__Assigned task__:
Give again, word for word, each line below starting at the one that contains "obrázek 5 Bobcat" and ending at the one that contains "Photo #4: 7046224 Listing".

__Material shown__:
══════════════════════════════

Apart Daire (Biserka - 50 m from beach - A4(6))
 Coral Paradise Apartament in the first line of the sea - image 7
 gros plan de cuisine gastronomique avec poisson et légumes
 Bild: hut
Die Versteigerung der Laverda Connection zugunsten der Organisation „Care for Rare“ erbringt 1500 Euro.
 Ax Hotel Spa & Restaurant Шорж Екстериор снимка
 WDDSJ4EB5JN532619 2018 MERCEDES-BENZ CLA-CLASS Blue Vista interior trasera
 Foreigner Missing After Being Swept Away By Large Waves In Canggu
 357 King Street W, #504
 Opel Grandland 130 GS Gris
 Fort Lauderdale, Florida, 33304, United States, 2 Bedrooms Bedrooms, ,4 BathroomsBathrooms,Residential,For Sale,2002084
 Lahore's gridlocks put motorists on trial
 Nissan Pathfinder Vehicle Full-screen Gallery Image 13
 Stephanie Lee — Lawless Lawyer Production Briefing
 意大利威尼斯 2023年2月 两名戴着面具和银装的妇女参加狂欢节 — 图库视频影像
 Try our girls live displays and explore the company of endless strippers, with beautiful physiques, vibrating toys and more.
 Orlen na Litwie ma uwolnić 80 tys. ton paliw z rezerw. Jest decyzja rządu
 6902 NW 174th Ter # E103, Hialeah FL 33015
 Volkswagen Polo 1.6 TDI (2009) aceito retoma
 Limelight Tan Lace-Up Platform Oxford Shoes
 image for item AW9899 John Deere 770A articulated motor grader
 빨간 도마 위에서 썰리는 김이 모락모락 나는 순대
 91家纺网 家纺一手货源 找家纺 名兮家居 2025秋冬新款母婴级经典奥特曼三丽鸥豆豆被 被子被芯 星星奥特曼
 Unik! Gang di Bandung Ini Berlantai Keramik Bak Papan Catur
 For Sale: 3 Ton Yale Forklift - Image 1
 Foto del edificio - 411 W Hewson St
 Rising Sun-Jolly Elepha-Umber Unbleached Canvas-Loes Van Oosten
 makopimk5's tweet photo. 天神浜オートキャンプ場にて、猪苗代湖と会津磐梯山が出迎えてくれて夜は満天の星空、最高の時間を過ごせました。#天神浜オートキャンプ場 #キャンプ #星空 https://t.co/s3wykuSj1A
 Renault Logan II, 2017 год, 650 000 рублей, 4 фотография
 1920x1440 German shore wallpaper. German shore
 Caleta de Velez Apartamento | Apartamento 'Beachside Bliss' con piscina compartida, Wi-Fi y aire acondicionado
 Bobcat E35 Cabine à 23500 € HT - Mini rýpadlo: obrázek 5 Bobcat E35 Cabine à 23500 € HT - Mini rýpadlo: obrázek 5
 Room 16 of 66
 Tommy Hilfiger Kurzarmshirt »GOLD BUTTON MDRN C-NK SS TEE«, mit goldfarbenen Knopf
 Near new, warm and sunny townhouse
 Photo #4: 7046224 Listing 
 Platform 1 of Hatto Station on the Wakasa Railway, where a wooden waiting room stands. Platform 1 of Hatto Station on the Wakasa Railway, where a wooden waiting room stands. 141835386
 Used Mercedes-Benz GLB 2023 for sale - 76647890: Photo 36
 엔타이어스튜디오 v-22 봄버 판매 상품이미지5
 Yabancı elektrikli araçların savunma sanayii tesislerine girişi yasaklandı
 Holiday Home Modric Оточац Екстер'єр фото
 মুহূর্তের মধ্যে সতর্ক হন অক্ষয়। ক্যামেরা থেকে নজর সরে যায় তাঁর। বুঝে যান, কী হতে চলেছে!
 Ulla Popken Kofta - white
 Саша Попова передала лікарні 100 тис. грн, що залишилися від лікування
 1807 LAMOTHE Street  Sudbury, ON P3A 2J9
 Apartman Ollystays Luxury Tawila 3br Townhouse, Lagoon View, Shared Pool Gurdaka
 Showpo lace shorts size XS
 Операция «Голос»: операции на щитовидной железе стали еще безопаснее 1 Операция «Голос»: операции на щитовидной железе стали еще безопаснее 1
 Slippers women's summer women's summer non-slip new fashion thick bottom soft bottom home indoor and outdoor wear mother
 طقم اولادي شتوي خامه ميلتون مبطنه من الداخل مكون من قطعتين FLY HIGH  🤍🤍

══════════════════════════════

__Task output__:
 Bobcat E35 Cabine à 23500 € HT - Mini rýpadlo: obrázek 5 Bobcat E35 Cabine à 23500 € HT - Mini rýpadlo: obrázek 5
 Room 16 of 66
 Tommy Hilfiger Kurzarmshirt »GOLD BUTTON MDRN C-NK SS TEE«, mit goldfarbenen Knopf
 Near new, warm and sunny townhouse
 Photo #4: 7046224 Listing 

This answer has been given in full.